# new tort shed and pen for sulcata



## NEtorts

hello folks, havent been posting much lately but i have been reading... been busy building my sulcata his own enclosure.... to big to be with others now, so he now has a 6X20 shed and a roughly 30x30 outdoor pen complete with a cement pond. pic below









i have since added about 10 huge clumps of grass 
i plan to build a 6x7 green house attached to the shed so he can extend his sunny day season.....give me a couple weeks and i'll have pics of the inside of shed and the green house
his old enclosure is in the pics below......shed....greenhouse... and multiple outdoor tard sections





















now occupied by 4 redfoots. 4 greeks, 1 pancake, 1 leopard
thanks for looking


----------



## FranklinTturtle

What a nice set up. I love it. I have to get my sulcata a new winter bedroom before October. So I am checking out every body digs. I just wanted to know if you think that they could break the glass? I have heard the bigger sulcata are like bull dozers.
Thanks
Jessica


----------



## dmarcus

Very nice indeed, something I would like to strive for one of these years...


----------



## cemmons12

Nice! Our torts just don't know how good they have it!


----------



## wrmitchell22

Amazing, I love that even in winter they can enjoy some sun in that green house area


----------



## Yvonne G

Hi Chriss:

You've been busy! I love where you live. Looks like you live in the forest. There are several things about your pictures that I really like, among which are the "caves" and cement pond.


----------



## Tom

Great enclosure. I can see where he's already started digging in the one corner at top right.

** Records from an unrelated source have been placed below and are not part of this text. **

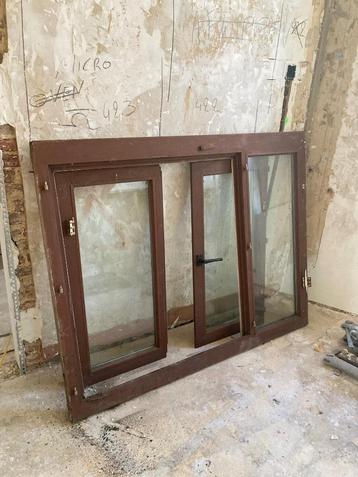 Houten raam met dubbel glas beschikbaar voor biedingen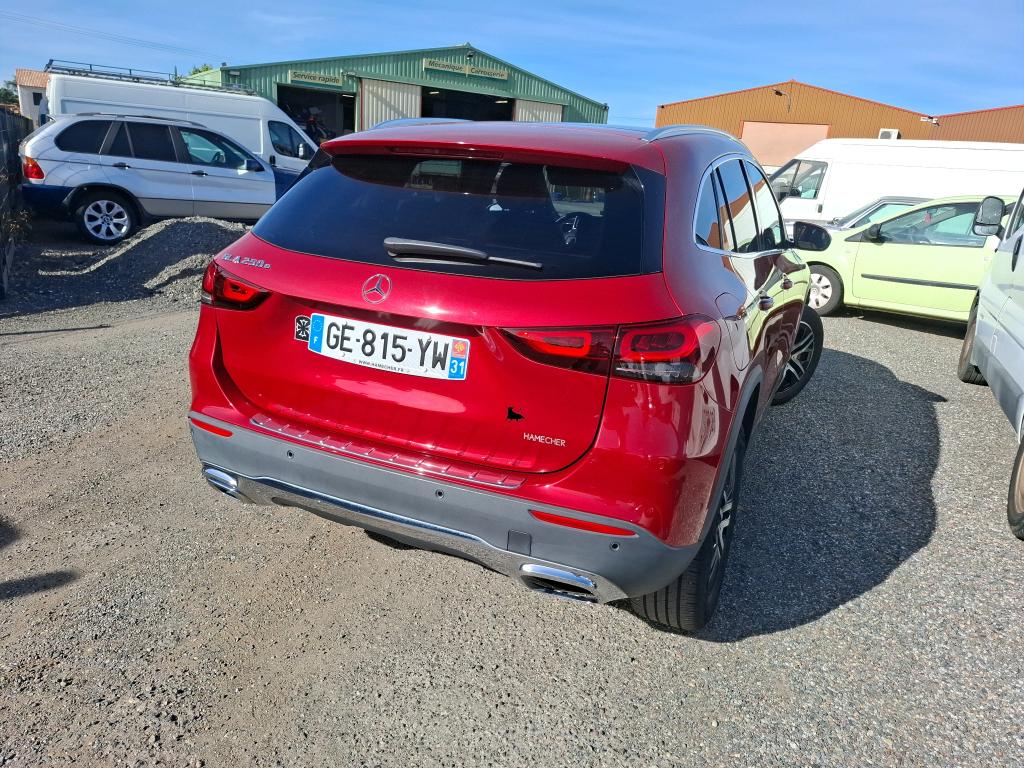 MERCEDES-BENZ MERCEDES GLA II 250 e 8G-DCT Progressive Line 2022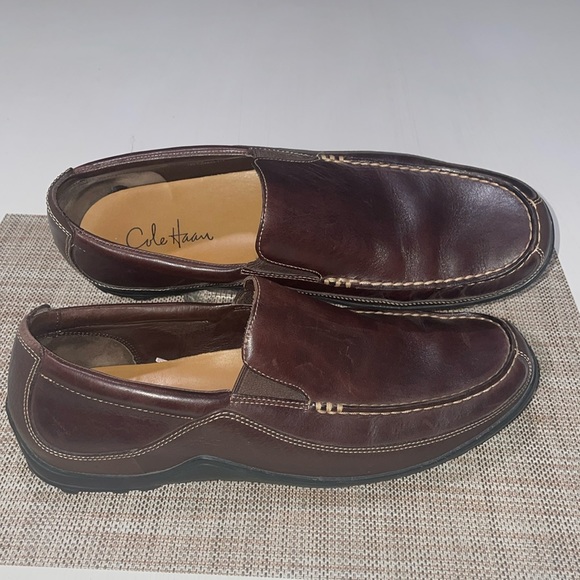 Cole Haan Tucker Venetian Slip-On Loafer in brown. Men\'s 13. Like new condition. main image 10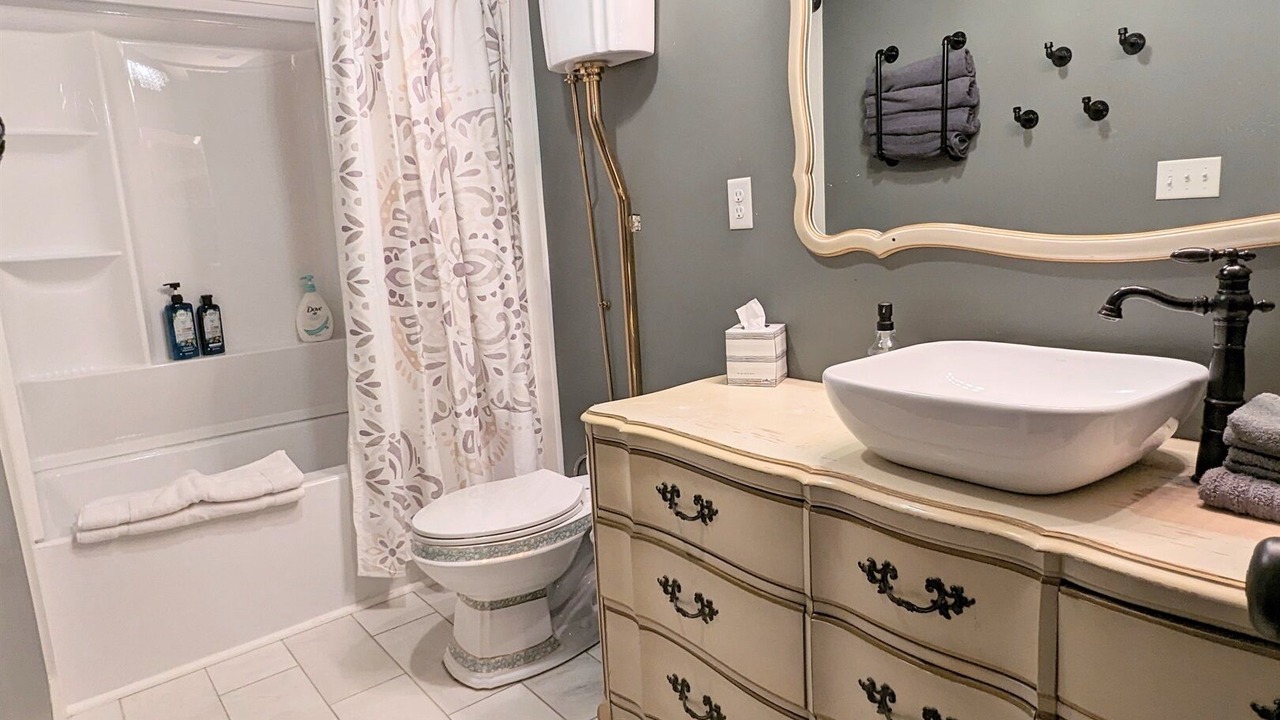 Photo of Bathroom in Washington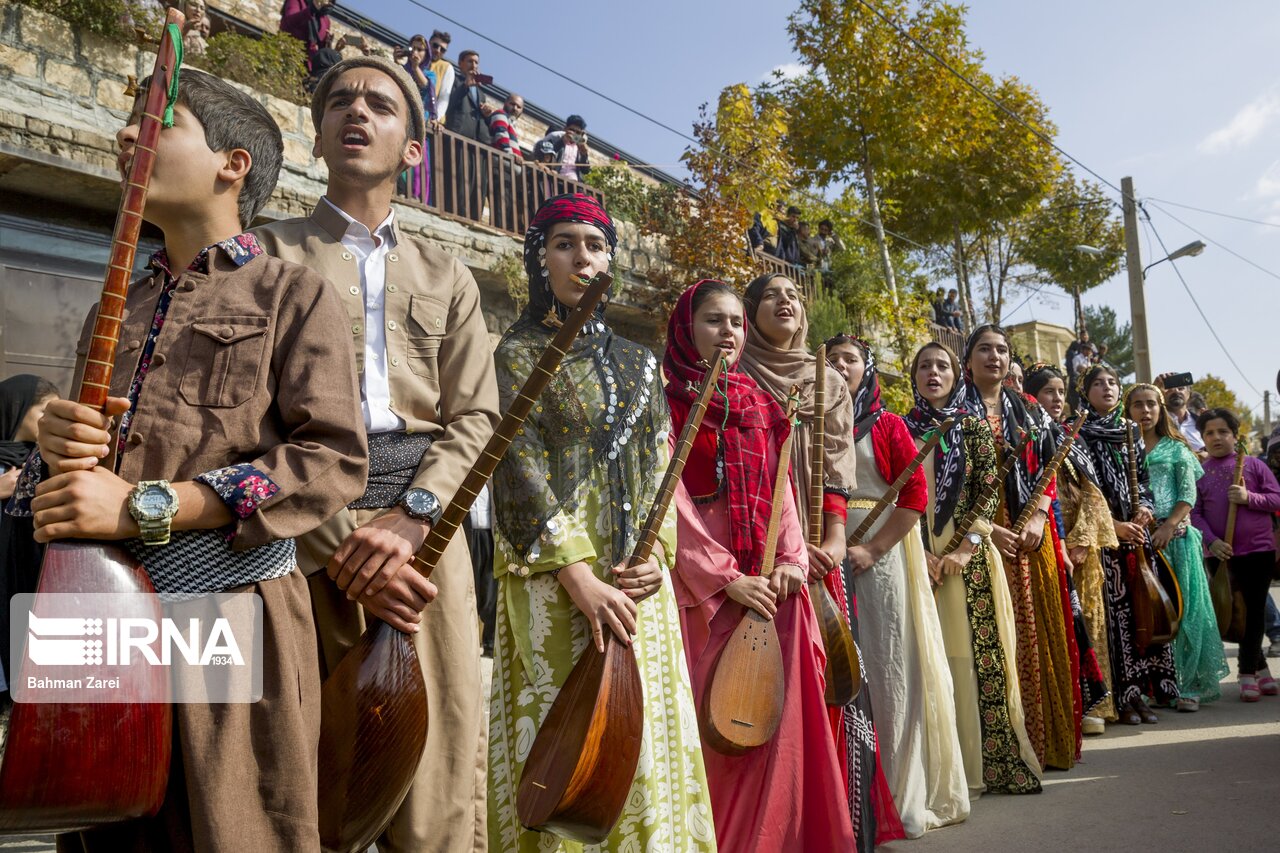 برنامه‌های فرهنگی و هنری استان کرمانشاه در سال ۹۹ اعلام شد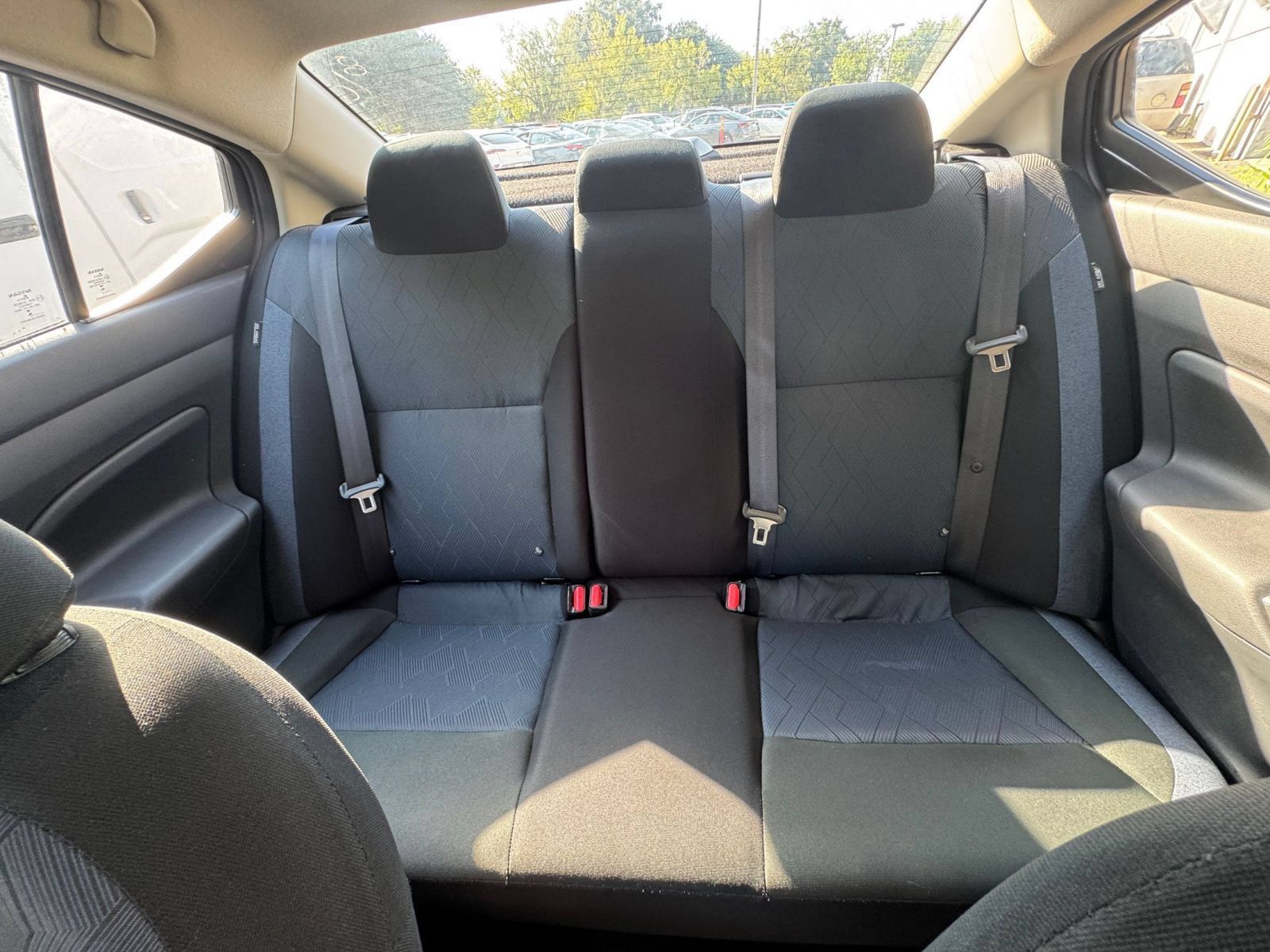 Used 2025 Nissan Versa SV FWD image 35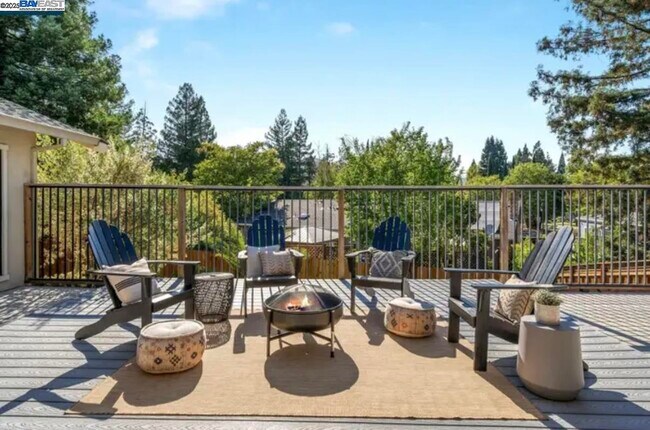 Building Photo - 131 Clover Hill Ct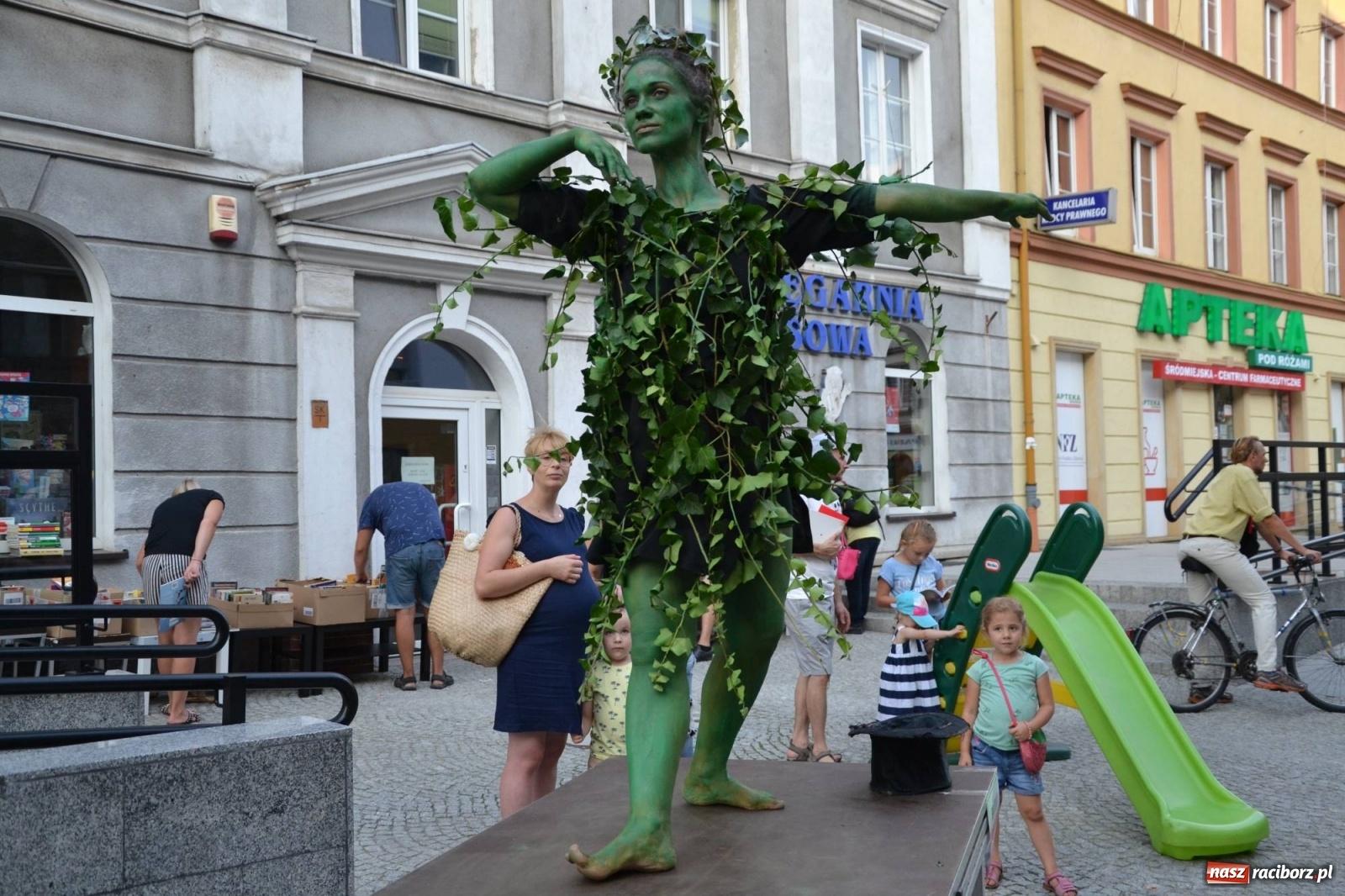 Zdjęcie w galerii na portalu naszraciborz.pl: The Light Parade na finał FRU 2019 [FOTO i WIDEO] wiadomości z regionu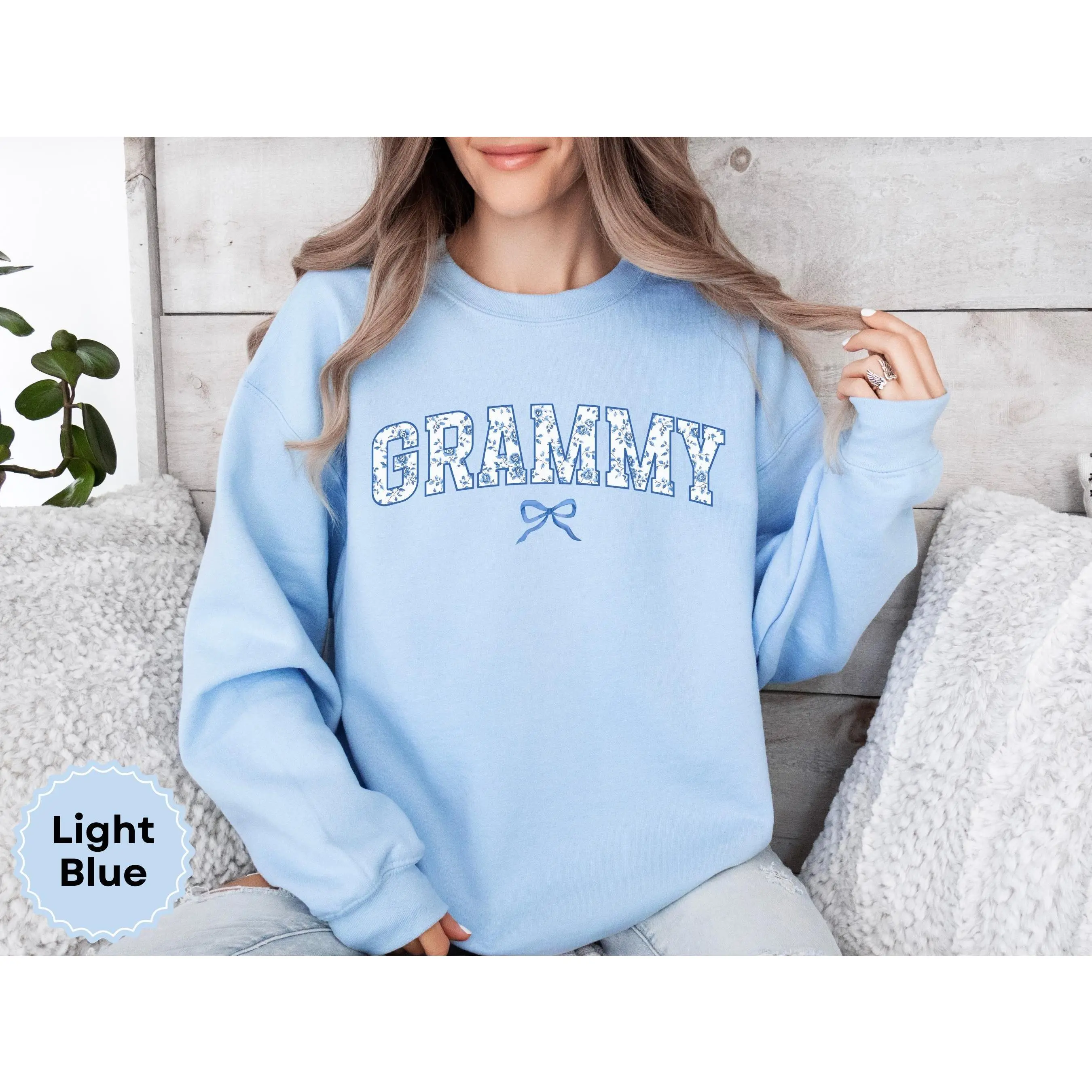 Grammy Floral T-Shirt / Sweatshirt / Hoodie, Grandma Toile Blue Bow short sleeve, New Grandmother Shirt, Granny , Grammie Shirt, First Time Grandma Unisex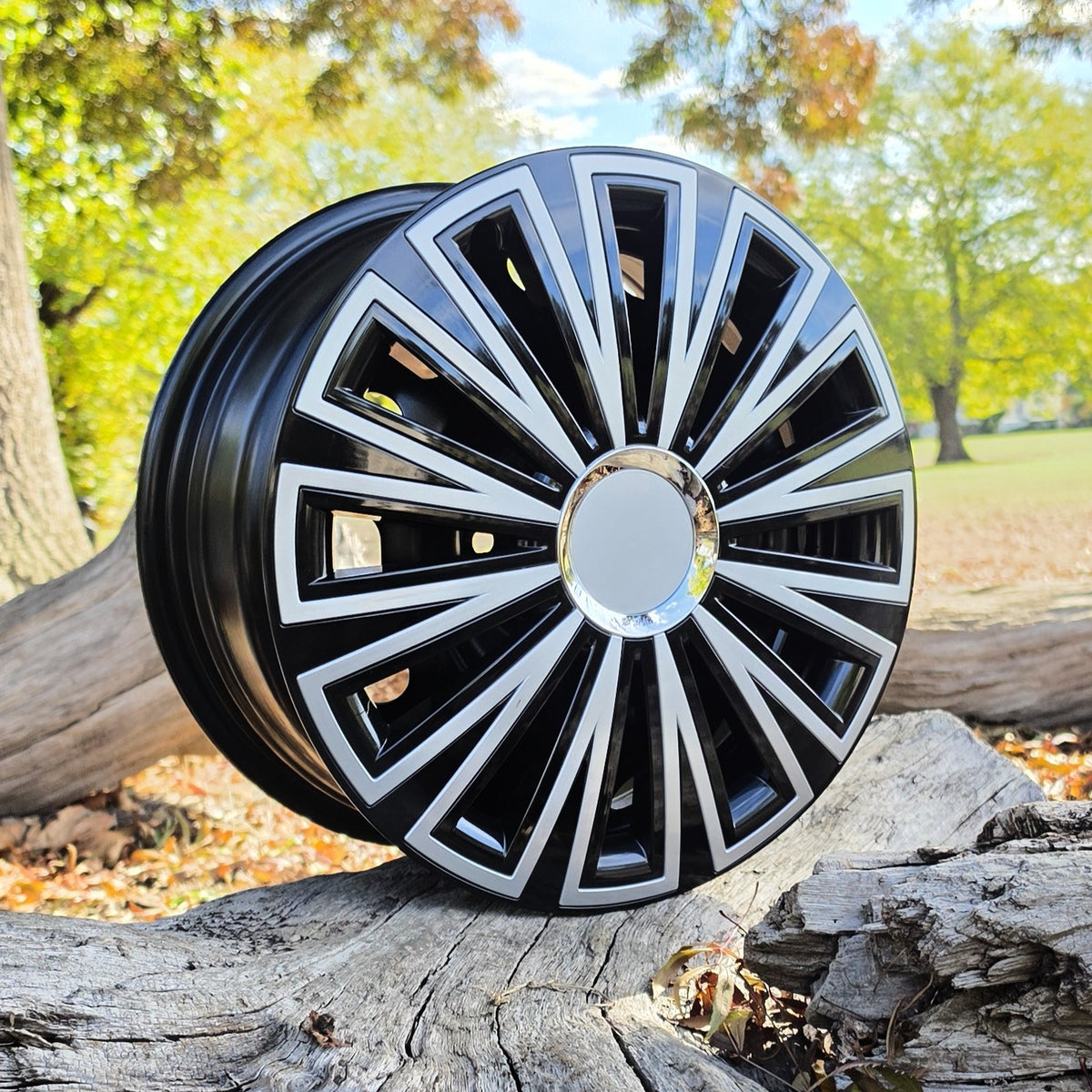 15" Silver/Black Wheel Trims - Style 24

What did you do to get that overhead picture? Rent a helicopter?


----------



## Laura

very nice! lucky torts..
that looks like added dirt in the corner.. and i bet they have a tree house!


----------



## NEtorts

he didnt dig much in the corner but snuggled into the corner...
I climbed a tree stand I use for Archery practice to get that picture...
they seem to love the tunnels and cement ponds that i build.............
thanks for all the compliments.... I have alot more to do but ......


----------